Scientists have discovered "Venus' twin," and it's one of the closest exoplanets ever discovered.
The rocky planet, dubbed GJ 1132b, is Earth-sized and rocky, MIT reported. It is orbiting a star only 39 light years away, which is considered basically next door to our own solar system. The planet is so close by that scientists are optimistic we will be able to learn more about it than any previously known planet. GJ 1132b is a scorching 500 degrees Fahrenheit, and is almost certainly not hospitable for liquid water or life, but could still have a substantial atmosphere.
"If we find this pretty hot planet has managed to hang onto its atmosphere over the billions of years it's been around, that bodes well for the long-term goal of studying cooler planets that could have life," said Zachory Berta-Thompson, a postdoc in MIT's Kavli Institute for Astrophysics and Space Research. "We finally have a target to point our telescopes at, and [can] dig much deeper into the workings of a rocky exoplanet, and what makes it tick."

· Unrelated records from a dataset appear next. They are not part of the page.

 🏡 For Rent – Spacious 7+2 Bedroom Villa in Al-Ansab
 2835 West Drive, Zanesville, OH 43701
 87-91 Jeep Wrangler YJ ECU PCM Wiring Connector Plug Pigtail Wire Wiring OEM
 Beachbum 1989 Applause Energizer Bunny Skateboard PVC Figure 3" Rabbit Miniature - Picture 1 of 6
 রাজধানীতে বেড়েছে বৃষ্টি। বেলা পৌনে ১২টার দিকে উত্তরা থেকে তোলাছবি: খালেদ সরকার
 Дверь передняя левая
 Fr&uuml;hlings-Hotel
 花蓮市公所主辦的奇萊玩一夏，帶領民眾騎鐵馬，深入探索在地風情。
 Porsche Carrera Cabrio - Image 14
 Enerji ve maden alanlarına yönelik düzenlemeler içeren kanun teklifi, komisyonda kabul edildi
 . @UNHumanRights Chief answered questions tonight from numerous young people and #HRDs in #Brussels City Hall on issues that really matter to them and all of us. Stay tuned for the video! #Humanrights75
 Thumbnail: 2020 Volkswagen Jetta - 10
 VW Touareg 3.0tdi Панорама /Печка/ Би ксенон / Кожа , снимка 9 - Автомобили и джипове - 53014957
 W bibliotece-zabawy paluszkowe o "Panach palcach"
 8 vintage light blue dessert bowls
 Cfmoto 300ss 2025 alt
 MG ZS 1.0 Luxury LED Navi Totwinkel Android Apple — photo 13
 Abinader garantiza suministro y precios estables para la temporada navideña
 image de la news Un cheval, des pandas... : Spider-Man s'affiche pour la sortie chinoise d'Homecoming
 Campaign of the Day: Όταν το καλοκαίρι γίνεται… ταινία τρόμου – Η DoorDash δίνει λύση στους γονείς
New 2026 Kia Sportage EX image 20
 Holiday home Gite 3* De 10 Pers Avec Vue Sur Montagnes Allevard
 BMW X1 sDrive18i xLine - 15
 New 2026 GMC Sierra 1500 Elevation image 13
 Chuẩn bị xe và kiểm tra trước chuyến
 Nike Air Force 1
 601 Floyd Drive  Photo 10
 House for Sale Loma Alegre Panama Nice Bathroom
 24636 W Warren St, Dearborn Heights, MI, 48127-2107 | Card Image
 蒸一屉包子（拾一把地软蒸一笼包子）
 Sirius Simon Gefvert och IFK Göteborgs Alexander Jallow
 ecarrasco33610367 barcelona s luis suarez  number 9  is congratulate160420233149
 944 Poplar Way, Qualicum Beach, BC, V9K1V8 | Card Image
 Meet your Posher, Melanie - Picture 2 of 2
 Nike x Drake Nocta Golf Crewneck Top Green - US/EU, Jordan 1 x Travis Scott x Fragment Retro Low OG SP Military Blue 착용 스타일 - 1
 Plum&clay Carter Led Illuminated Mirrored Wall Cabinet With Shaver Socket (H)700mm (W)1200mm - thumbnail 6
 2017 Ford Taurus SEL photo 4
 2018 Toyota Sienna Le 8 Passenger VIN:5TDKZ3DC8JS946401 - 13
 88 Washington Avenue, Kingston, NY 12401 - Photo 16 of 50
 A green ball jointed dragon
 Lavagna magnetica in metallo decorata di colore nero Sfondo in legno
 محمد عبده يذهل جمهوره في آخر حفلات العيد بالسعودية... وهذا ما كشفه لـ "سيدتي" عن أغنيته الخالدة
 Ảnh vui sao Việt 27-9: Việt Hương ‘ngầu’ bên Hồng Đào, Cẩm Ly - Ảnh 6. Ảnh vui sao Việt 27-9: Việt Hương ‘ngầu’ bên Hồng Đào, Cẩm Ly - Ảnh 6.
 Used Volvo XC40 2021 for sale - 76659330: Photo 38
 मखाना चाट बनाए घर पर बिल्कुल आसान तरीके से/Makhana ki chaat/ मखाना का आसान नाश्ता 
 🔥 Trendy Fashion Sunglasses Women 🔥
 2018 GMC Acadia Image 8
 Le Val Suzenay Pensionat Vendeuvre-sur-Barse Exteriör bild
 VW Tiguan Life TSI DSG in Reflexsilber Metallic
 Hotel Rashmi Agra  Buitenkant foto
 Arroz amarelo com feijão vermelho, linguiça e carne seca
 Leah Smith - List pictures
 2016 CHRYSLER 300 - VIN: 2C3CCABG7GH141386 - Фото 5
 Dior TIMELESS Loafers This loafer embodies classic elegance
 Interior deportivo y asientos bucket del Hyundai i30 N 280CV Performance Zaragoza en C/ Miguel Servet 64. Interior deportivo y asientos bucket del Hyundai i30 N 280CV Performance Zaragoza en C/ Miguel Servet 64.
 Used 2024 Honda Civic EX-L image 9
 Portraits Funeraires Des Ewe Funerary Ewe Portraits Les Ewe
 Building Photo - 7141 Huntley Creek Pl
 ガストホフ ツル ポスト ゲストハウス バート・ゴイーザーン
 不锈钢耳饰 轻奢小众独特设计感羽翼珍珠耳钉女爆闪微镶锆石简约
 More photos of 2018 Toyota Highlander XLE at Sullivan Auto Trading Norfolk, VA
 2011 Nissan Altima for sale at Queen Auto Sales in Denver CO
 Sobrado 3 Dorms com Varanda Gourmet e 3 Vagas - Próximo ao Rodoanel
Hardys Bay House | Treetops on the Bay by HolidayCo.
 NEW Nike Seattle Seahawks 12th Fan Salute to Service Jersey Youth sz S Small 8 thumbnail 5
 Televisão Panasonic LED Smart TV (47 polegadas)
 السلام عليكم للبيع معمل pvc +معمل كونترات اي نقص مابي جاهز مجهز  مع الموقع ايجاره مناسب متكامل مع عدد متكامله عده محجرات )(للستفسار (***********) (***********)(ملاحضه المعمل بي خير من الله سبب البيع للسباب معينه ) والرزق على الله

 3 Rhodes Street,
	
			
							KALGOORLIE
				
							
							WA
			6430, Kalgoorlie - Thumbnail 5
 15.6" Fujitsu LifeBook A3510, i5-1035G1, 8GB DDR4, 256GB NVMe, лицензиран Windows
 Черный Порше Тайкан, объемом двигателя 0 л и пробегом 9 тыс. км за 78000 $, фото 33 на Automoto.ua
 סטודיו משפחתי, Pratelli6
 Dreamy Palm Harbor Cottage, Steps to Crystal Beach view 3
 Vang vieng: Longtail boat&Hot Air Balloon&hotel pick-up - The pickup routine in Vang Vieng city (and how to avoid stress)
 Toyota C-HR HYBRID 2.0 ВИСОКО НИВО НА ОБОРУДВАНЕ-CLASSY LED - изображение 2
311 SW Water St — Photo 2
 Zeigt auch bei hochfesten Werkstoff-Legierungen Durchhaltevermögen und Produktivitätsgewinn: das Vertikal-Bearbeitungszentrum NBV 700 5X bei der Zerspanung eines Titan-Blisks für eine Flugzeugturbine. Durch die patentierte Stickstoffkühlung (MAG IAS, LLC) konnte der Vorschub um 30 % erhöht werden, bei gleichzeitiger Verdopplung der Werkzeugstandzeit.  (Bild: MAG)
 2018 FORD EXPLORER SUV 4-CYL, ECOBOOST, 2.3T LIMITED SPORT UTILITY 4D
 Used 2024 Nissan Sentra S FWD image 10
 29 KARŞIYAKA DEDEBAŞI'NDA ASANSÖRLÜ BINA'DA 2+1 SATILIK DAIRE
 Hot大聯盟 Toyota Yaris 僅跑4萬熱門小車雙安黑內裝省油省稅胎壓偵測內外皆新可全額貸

The scientists discovered the planet using the MEarth-South Observatory, a Harvard University-led array of eight 40-centimeter-wide robotic telescopes in the mountains of Chile. Based on the size and proximity of the planet compared to its star, the researchers were able to determine its high temperatures.
"The temperature of the planet is about as hot as your oven will go, so it's like burnt-cookie hot," Berta-Thompson said. "It's too hot to be habitable-there's no way there's liquid water on the surface. But it is a lot cooler than the other rocky planets that we know of."
Most known rocky exoplanets are thousands of degrees and too hot to host any type of atmosphere. This new finding is exciting because it could provide key insights into the atmospheres of exoplanets.
"We think it's the first opportunity we have to point our telescopes at a rocky exoplanet and get that kind of detail, to be able to measure the color of its sunset, or the speed of its winds, and really learn how rocky planets work out there in the universe," Berta-Thompson says. "Those will be exciting observations to make."
The findings were published in a recent edition of the journal Nature.